**THE TASK**
Exactly the lines from the start of the data below through the line that contains "Hello there, this" are to be copied, with pictures left out.

**SUPPLIED INFORMATION**
- - - - -

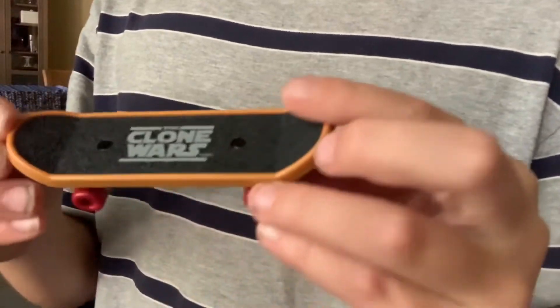So this board is actually kind of okay, but a Tech Deck would always be so much better in my opinion.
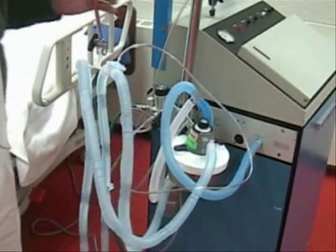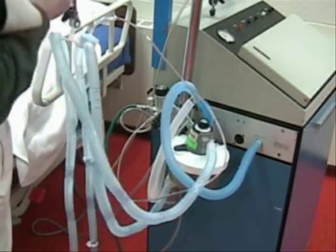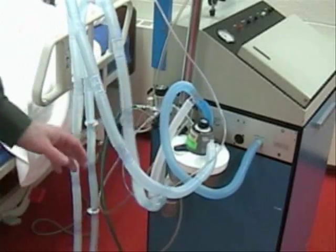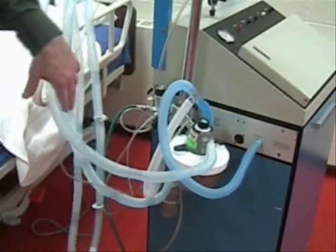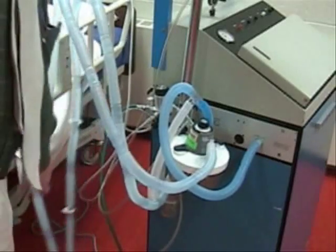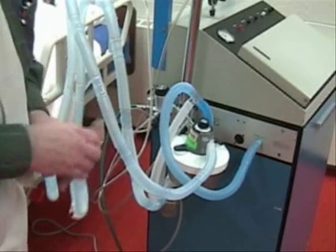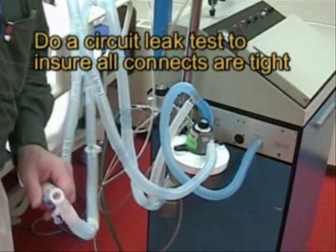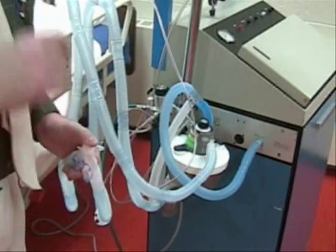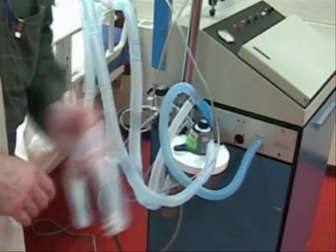Now we have all the tubing set up, and as you notice, this tubing is a lot more complicated than the ventilator tubing for the 900C, the 7200, or any of the other ventilators. That's because we have a lot more connections to make, so it's imperative when you use these ventilators that you know how they're connected and where everything goes. The last thing you do is a circuit leak test: set the ventilator at a low volume like 100 mLs, occlude this end, press the ventilator, and see how much pressure you can generate. If it doesn't leak out, you know you have a tight seal.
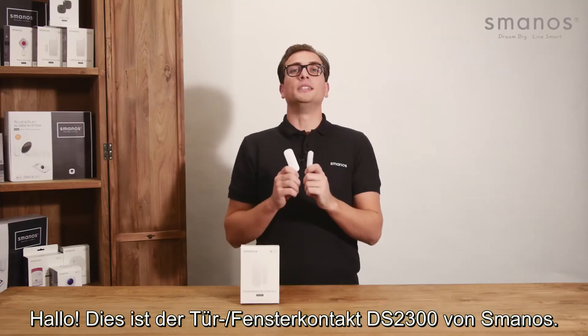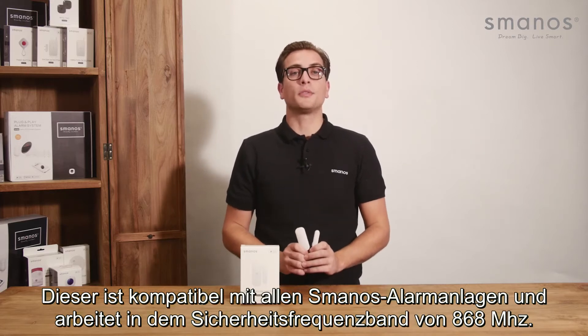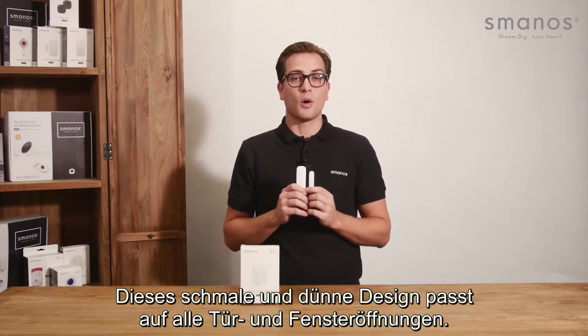Hello there, this is the Smanos DS2300 door window contact. It is compatible with all Smanos control panels and works on a frequency made for security at 868 MHz. This small and thin design works well with any door or window opening.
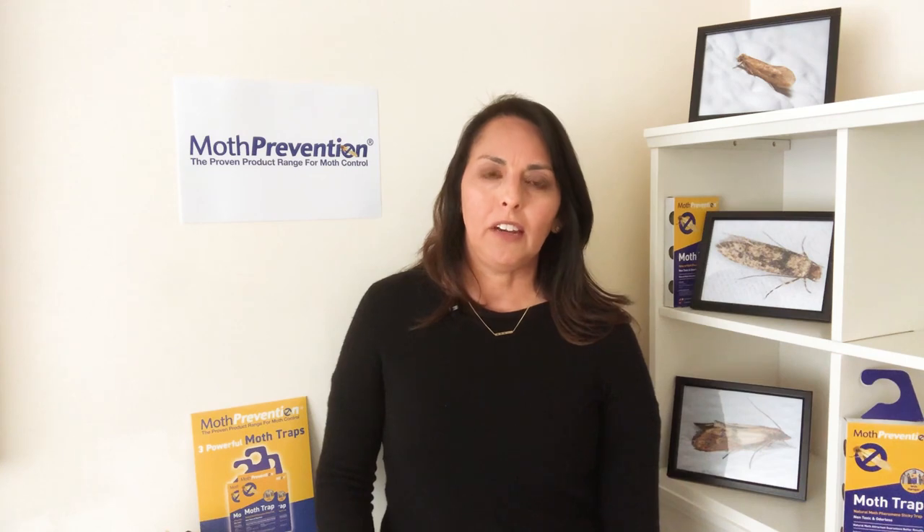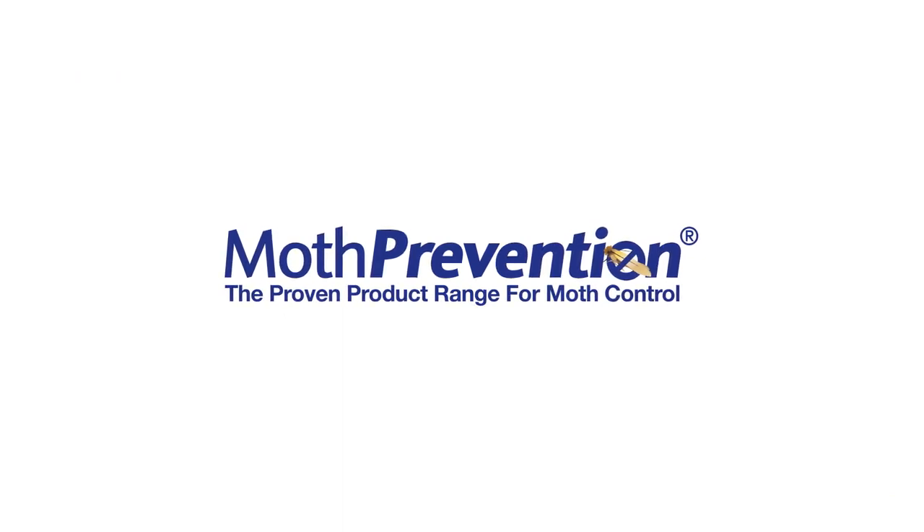To purchase any of our products, including our Clothes Moth Trap, our Pantry Moth Trap, our Clothes Moth Killer Kit, or a Carpet Moth Killer Kit, and any other range of our products, please visit our Moth Prevention Amazon store today.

- - - - -

**SOLUTION**
So this board is actually kind of okay, but a Tech Deck would always be so much better in my opinion.
Now we have all the tubing set up, and as you notice, this tubing is a lot more complicated than the ventilator tubing for the 900C, the 7200, or any of the other ventilators. That's because we have a lot more connections to make, so it's imperative when you use these ventilators that you know how they're connected and where everything goes. The last thing you do is a circuit leak test: set the ventilator at a low volume like 100 mLs, occlude this end, press the ventilator, and see how much pressure you can generate. If it doesn't leak out, you know you have a tight seal.
Hello there, this is the Smanos DS2300 door window contact. It is compatible with all Smanos control panels and works on a frequency made for security at 868 MHz. This small and thin design works well with any door or window opening.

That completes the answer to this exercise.